Problem description
Your answer must match, word for word, the lines from the one holding "Miscellaneous ceramic items" through the final line below, with pictures excluded.

Material provided
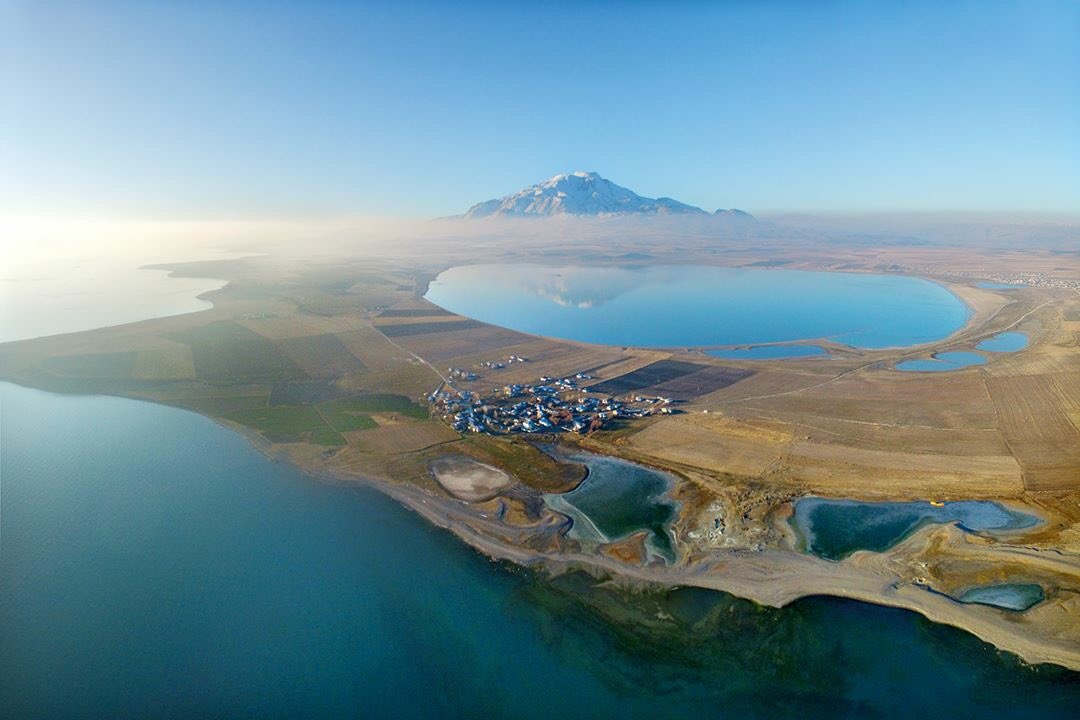 AtlasDergisi's tweet photo. Atlas, şubat sayısında ayrıntılı bir dosyayla Bitlis ilinin doğa ve kültür hazinelerini işliyor. Bir tarafında Arin Gölü, bir tarafında Van Gölü uzanan Esenkıyı Köyü, ayrıca uzaklardan Süphan Dağı’nı seyrediyor. Fotoğraf: Turgut Tarhan https://t.co/mFBstG7CBq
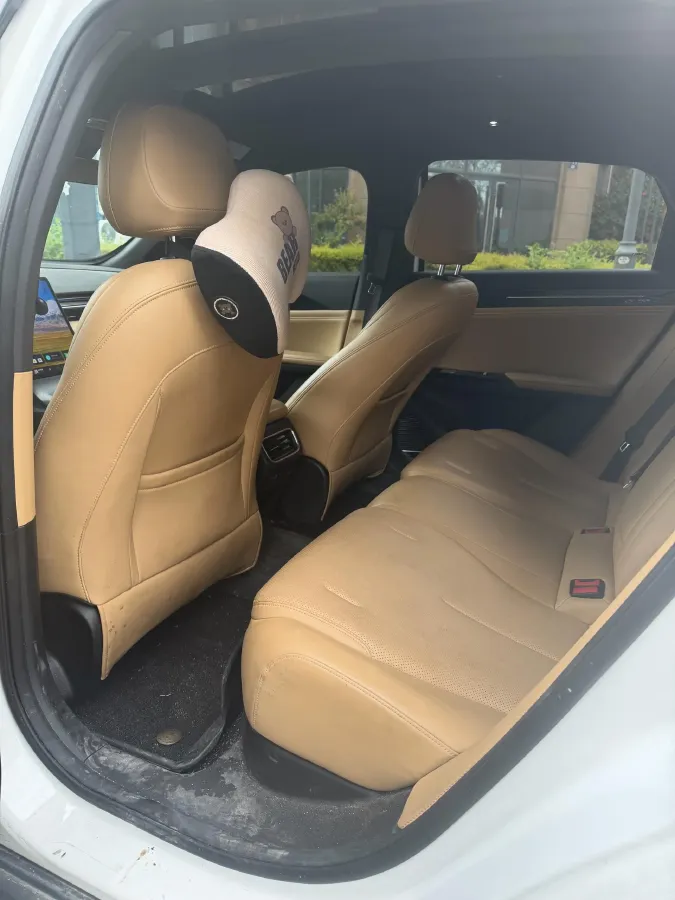 2023 Geely Galaxy L6 1.5T 163HP L4 3DHT PHEV,autocango,china used car exporter,china ev exporter,chinese used car exporter,chinese used ev exporter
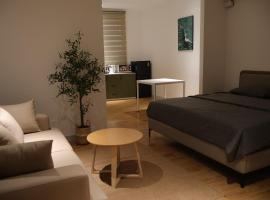 GIA Hotel & Serviced Apartment, hotel in Nhơn Trạch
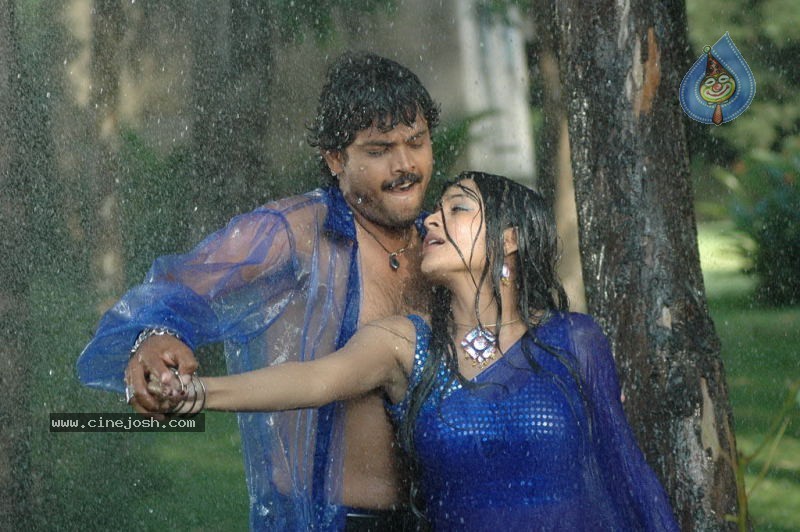 Kadhal Meipada Tamil Movie Stills - 9 / 39 photos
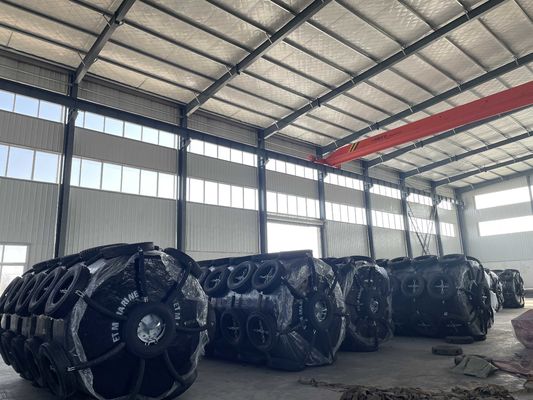 คุณภาพ บังโคลนเติมโฟม 2X4m พร้อมโซ่สุทธิ 70 กก. / ลบ.ม. ความหนาแน่น 19 มม. ความหนาของโพลียูเรีย โรงงาน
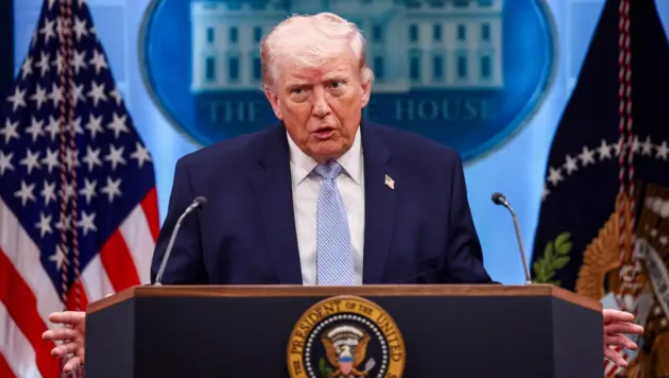 incidenti-ne-shtepine-e-bardhe-trump-mbreti-charles-iii-do-vizitoje-shba-ne-sic-ishte-planifikuar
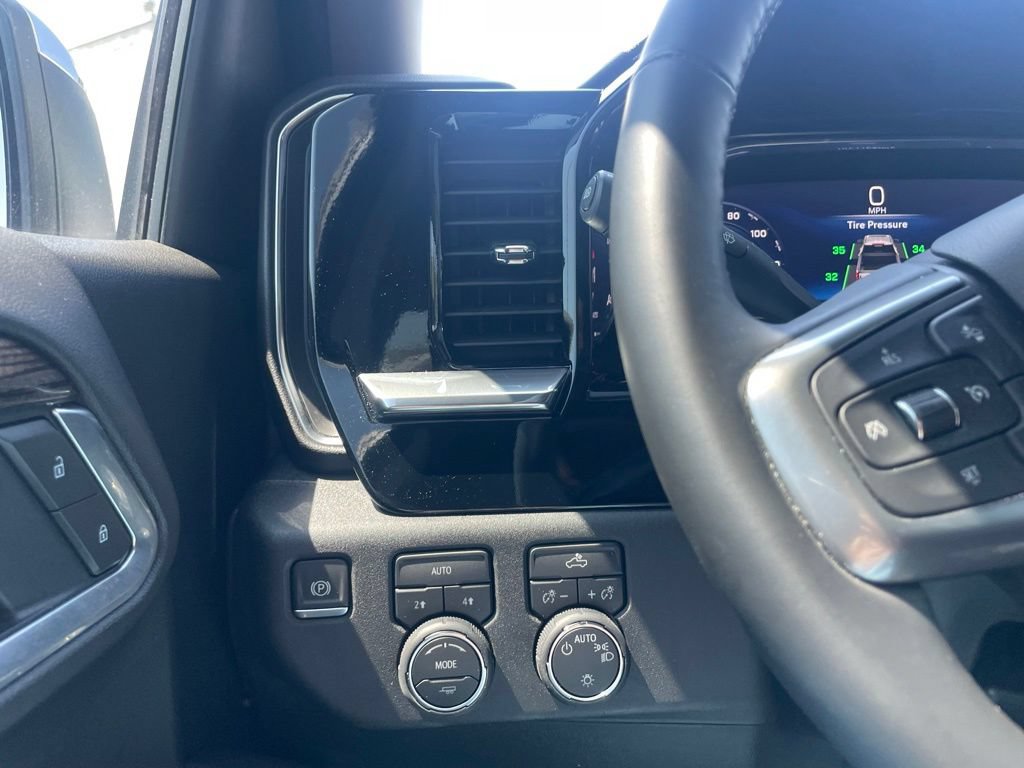 Used 2025 Chevrolet Silverado 1500 LT AWD/4WD image 11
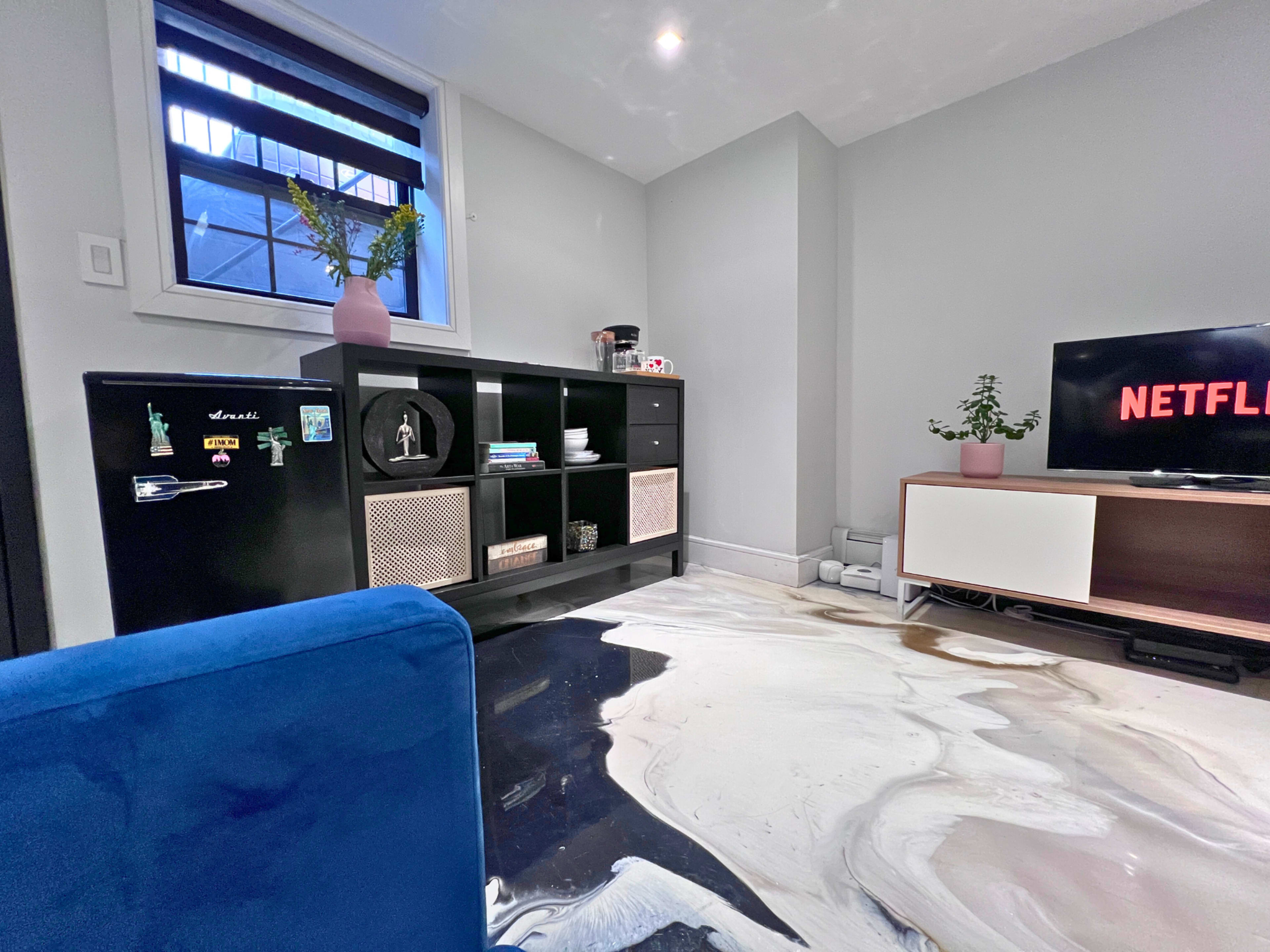 All Inclusive Private Apartment For Meetings (Modern) Image in Jackson Heights, Jackson Heights, NY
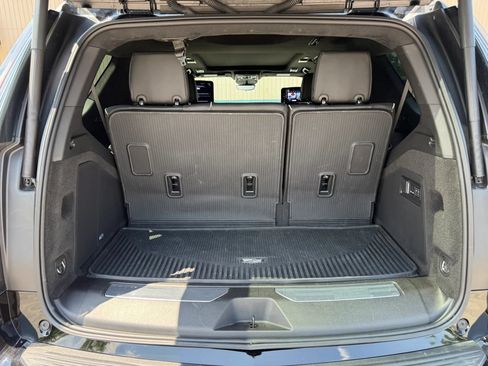 Used 2025 Cadillac Escalade Sport Platinum w/ LPO, ONYX Package AWD/4WD image 9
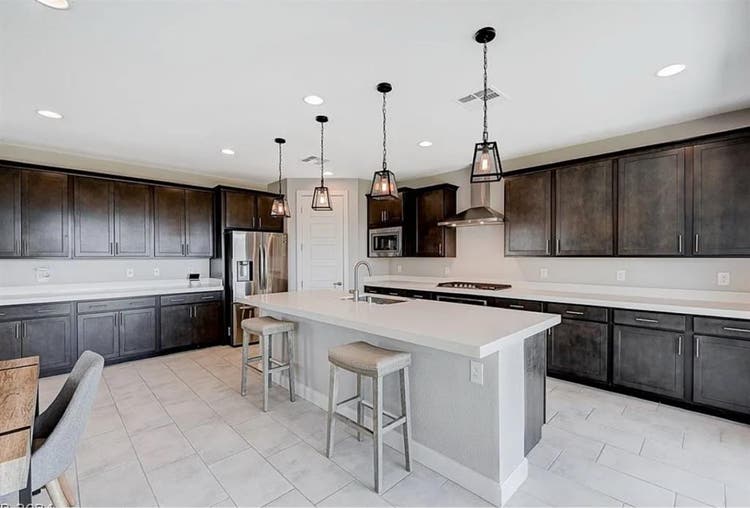 Beautiful, spacious and clean home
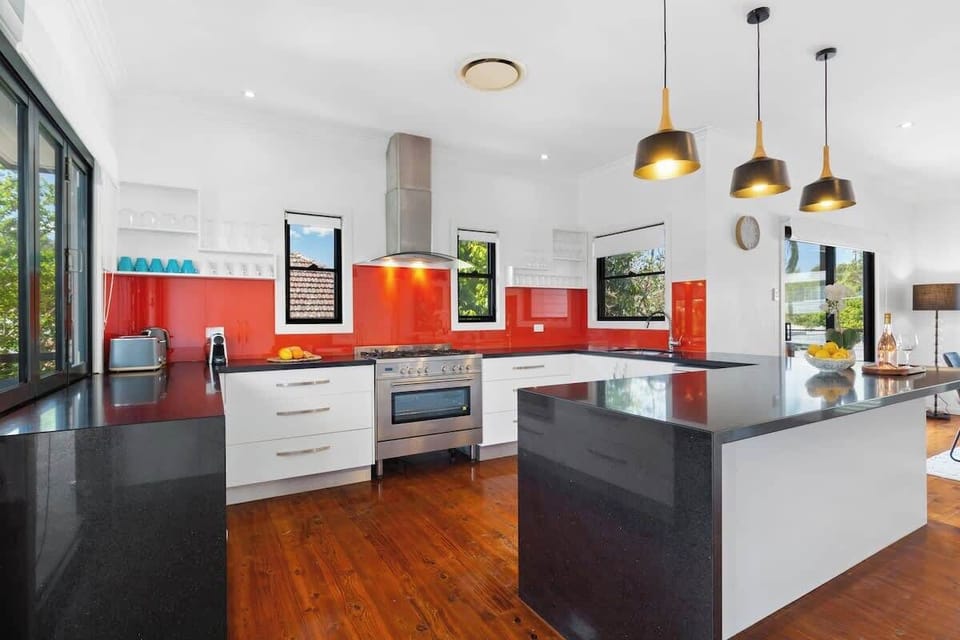 Fully equipped kitchen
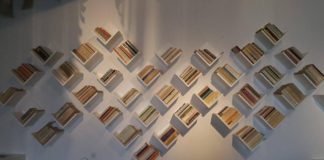 Στήνοντας μια βιβλιοθήκη για τη δεκαετία του ΄80 στο Γκάζι (του Β. Χατζηβασιλείου)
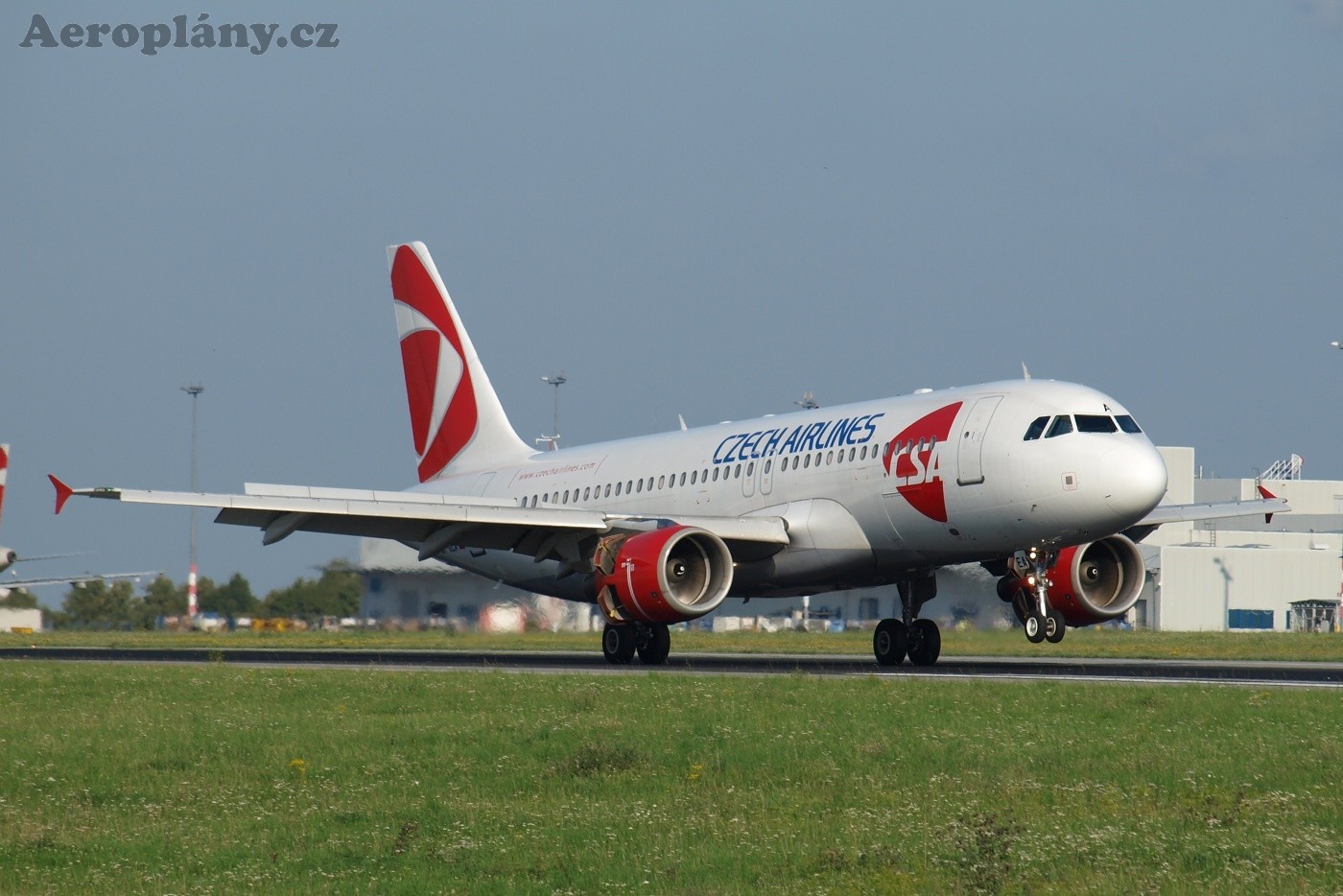 Airbus A320-214 - OK-GEA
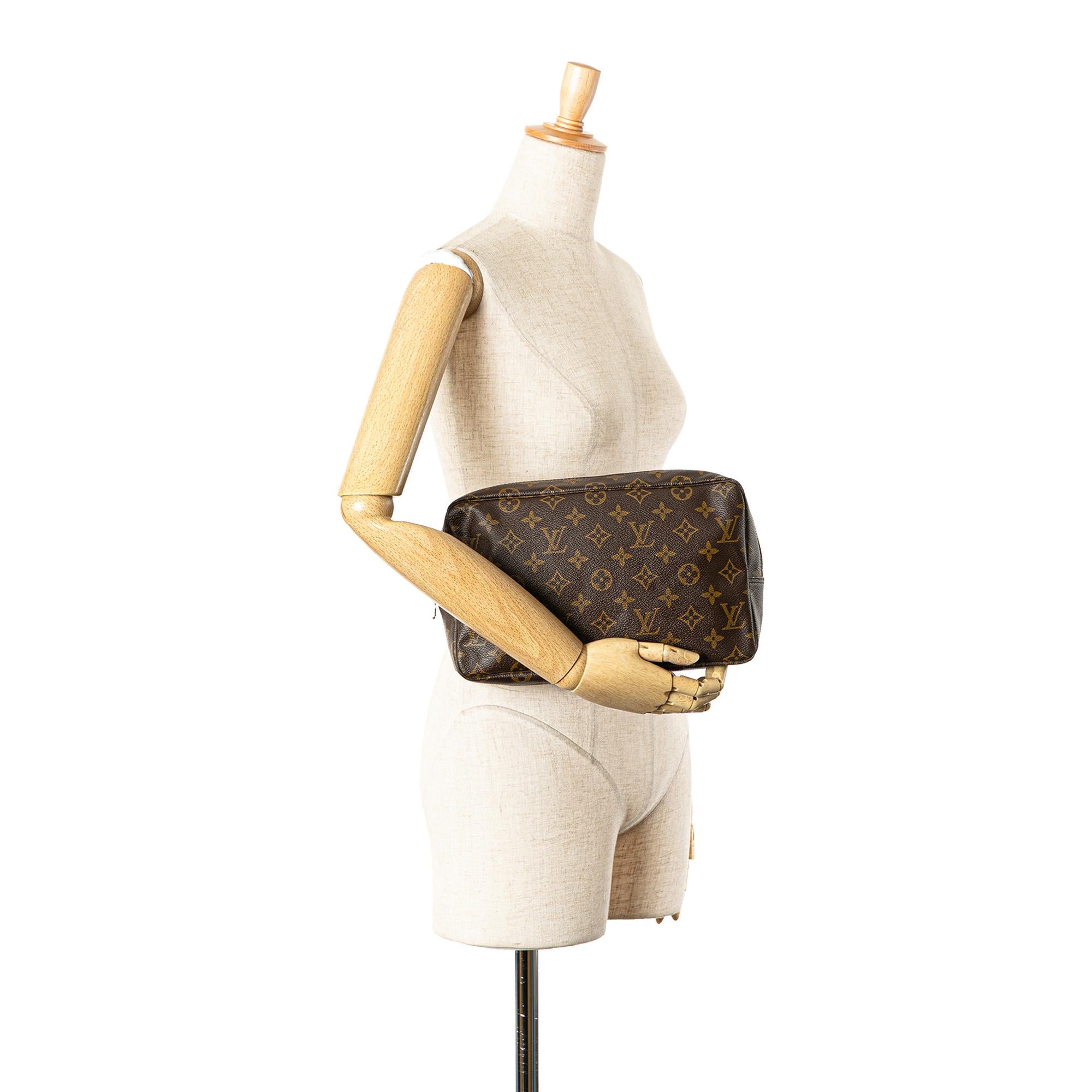 Louis Vuitton Monogram Trousse Toilette 28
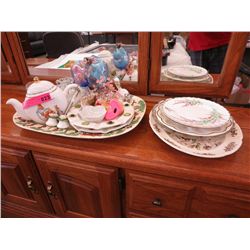 Miscellaneous ceramic items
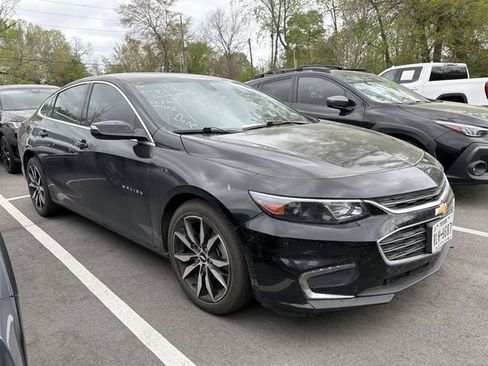Used 2018 Chevrolet Malibu LT image 3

Exercise answer
 Miscellaneous ceramic items
Used 2018 Chevrolet Malibu LT image 3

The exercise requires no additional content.